Crawled caption data:

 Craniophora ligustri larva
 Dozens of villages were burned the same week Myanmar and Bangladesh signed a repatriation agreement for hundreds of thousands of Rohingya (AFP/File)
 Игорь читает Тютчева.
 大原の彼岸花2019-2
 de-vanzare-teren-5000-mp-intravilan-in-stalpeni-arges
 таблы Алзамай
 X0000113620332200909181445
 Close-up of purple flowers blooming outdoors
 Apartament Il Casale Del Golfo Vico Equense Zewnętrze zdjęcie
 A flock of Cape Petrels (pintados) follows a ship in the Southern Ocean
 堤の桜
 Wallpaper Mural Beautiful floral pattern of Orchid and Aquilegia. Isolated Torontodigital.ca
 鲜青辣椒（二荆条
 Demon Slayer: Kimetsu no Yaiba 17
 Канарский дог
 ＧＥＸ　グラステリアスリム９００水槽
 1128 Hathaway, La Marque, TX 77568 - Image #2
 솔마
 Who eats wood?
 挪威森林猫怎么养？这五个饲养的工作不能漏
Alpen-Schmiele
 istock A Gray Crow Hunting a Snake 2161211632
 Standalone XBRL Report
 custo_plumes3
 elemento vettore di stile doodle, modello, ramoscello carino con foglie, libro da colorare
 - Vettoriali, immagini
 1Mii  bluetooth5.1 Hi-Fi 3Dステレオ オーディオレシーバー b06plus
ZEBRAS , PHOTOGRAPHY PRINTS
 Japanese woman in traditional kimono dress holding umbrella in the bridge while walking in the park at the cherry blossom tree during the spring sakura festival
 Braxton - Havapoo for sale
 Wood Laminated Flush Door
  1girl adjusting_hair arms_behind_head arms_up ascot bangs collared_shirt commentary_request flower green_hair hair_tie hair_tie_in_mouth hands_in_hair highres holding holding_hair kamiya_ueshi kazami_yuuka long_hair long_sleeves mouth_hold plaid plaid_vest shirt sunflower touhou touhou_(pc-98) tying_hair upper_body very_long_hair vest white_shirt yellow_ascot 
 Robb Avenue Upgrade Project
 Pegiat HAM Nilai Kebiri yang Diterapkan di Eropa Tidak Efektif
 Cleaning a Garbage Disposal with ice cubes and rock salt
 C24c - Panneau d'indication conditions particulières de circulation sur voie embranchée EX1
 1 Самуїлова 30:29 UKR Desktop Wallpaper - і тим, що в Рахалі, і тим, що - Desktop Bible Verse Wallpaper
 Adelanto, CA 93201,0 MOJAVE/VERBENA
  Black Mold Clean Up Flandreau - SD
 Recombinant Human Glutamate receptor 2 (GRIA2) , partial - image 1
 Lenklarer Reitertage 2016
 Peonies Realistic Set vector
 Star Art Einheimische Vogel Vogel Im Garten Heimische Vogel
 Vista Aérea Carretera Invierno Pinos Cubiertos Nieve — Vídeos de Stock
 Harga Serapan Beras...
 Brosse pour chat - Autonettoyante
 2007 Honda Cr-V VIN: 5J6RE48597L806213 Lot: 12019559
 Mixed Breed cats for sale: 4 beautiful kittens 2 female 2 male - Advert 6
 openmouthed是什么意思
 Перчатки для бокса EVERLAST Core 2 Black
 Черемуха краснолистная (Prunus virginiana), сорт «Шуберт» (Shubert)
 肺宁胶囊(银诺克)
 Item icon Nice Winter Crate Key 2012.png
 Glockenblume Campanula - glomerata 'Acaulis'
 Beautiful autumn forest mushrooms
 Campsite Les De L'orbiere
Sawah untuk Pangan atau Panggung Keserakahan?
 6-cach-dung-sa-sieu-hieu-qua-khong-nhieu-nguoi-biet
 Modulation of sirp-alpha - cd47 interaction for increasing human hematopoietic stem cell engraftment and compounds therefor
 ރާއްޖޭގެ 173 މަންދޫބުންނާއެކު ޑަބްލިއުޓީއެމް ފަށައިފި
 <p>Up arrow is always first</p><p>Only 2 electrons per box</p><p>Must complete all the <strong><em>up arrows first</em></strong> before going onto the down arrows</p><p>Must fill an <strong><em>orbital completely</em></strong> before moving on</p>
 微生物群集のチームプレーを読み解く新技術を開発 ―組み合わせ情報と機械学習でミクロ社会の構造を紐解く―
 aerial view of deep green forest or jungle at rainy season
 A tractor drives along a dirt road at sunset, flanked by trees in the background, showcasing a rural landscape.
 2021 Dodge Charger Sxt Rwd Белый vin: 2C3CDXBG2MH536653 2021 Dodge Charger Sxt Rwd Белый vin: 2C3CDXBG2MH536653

**WORK TO BE COMPLETED:**
Out of the preceding entries, pull every line containing the string "forest".

**SOLUTION FOR THIS TASK:**
 Beautiful autumn forest mushrooms
 aerial view of deep green forest or jungle at rainy season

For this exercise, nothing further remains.